Auth: Fix missing snapshots and backups from storage pool used-by URLs #14324

markylaing · 2024-10-22T12:56:29Z

The underlying cause of this bug was that general filtering of used-by URLs makes the assumption that the can_view entitlement is available for all entity types. It is a fair assumption, but wasn't true for storage volume or instance backups or snapshots.

To fix this, four new entity types have been added to the authorization model:

instance_backup
instance_snapshot
storage_volume_backup
storage_volume_snapshot

Each has associated entitlements:

can_edit
can_view
can_delete

It is still not possible to grant these entitlements via the API. Instead, they are granted via can_manage_snapshots or can_manage_backups on the associated instance or storage volume.

The OpenFGADatastore implementation has been updated to handle instance and storage_volume relations between the parent and it's snapshots/backups.

Update OpenFGADatastore comments - it says an instance is not a relation but after this PR it is.

Closes #14291

github-actions · 2024-10-22T12:56:44Z

Heads up @mionaalex - the "Documentation" label was applied to this issue.

markylaing · 2024-10-22T12:56:54Z

CC @mas-who @edlerd

tomponline · 2024-10-22T13:30:48Z

tests are sad

lxd/db/openfga/openfga.go

markylaing · 2024-10-23T07:18:23Z

@tomponline tests are mostly green except for one: https://github.com/canonical/lxd/actions/runs/11463430112/job/31913802942#step:12:52804

I'm not certain why this is failing as it doesn't seem to have anything to do with this PR. It is potentially related to #14315 since lxc profile assign calls PUT /1.0/instances/{name} which does some Profile.ToAPI work.

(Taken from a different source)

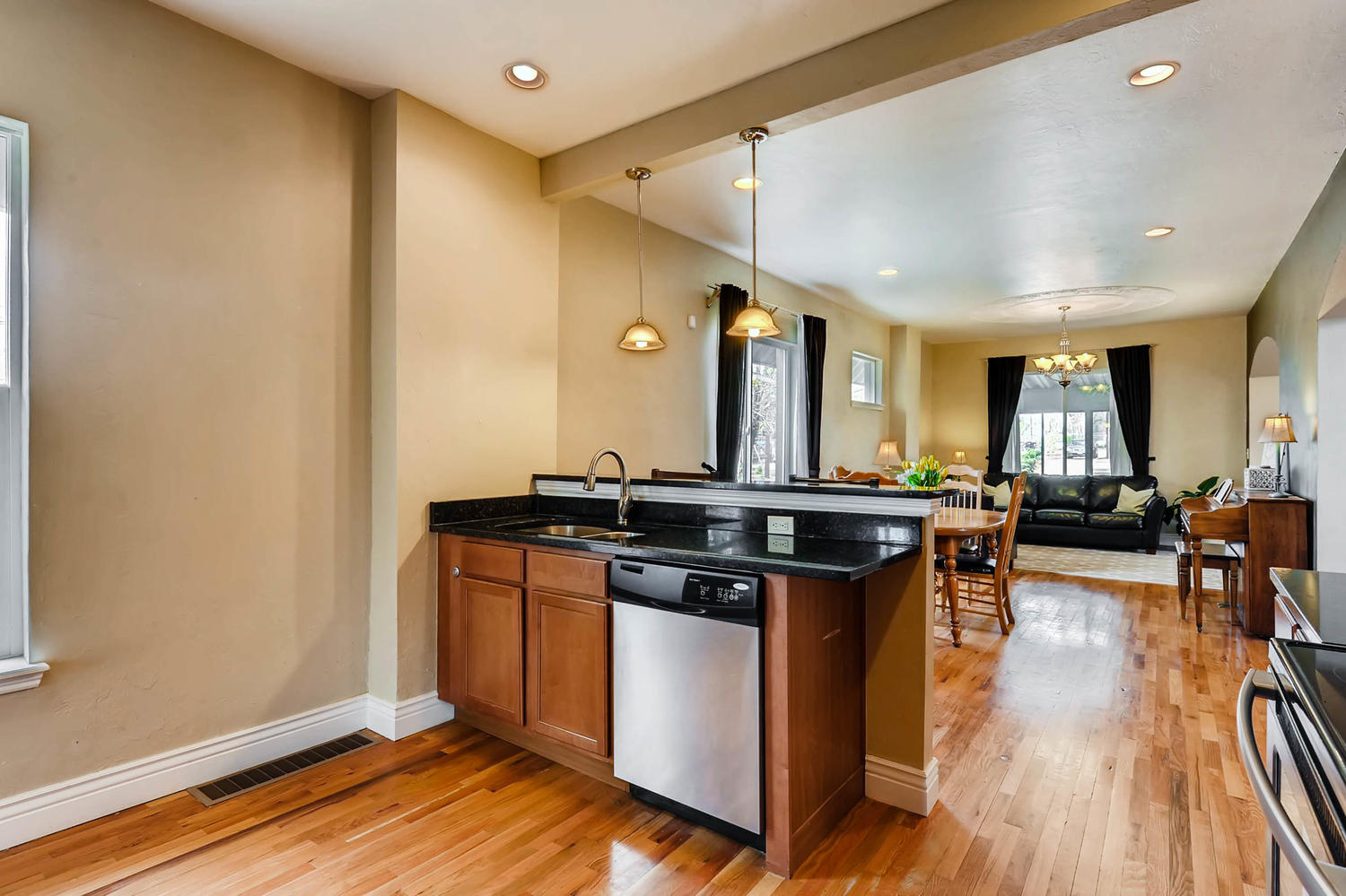 3534 E Bruce Randolph Ave-large-012-4-Kitchen-1500x999-72dpi.jpg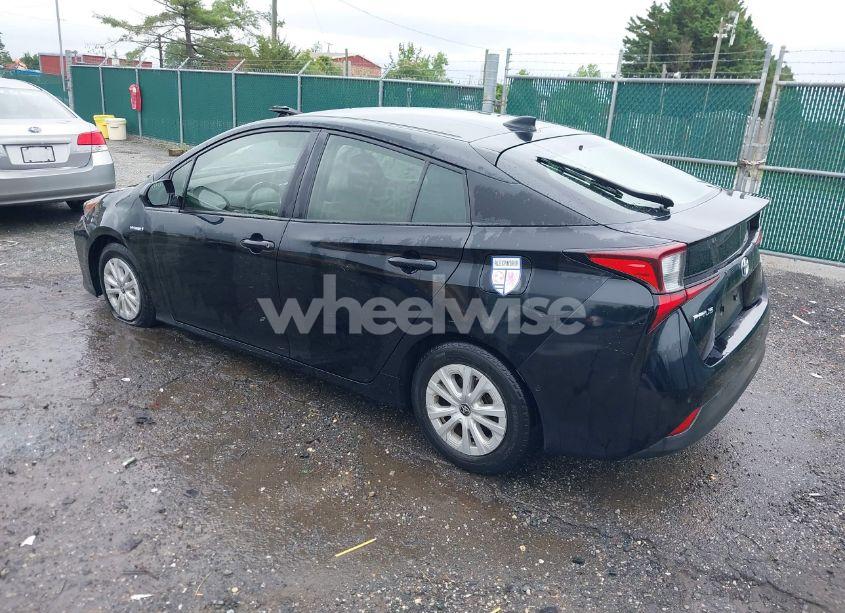 Photo 3 of 2019 Toyota Prius LE (VIN JTDKARFUXK3092501)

I also don't understand why it only failed with the dir storage backend.

Edit: Note that this also doesn't fail locally. I'll have to get a tmate session running.

tomponline · 2024-10-23T07:36:04Z

I'm not certain why this is failing as it doesn't seem to have anything to do with this PR. It is potentially related to #14315 since lxc profile assign calls PUT /1.0/instances/{name} which does some Profile.ToAPI work. I also don't understand why it only failed with the dir storage backend.

@hamistao please can you check this out, thanks

Seems like a panic.

markylaing · 2024-10-24T06:32:08Z

@tomponline @hamistao The CI passed on the third attempt. I'll investigate a bit more though as I don't want to introduce any races, especially when they may be causing a panic.

markylaing · 2024-10-24T08:12:37Z

@tomponline @hamistao The CI passed on the third attempt. I'll investigate a bit more though as I don't want to introduce any races, especially when they may be causing a panic.

I've been investigating this for an hour or so with no progress. It would be very useful to surface panics in the test logs. I'm trying to figure out a way to do this.

tomponline · 2024-10-24T08:24:55Z

@tomponline @hamistao The CI passed on the third attempt. I'll investigate a bit more though as I don't want to introduce any races, especially when they may be causing a panic.

I've been investigating this for an hour or so with no progress. It would be very useful to surface panics in the test logs. I'm trying to figure out a way to do this.

Did you identify which commit introduced it yet?

Did you try reverting the earlier profiles PR?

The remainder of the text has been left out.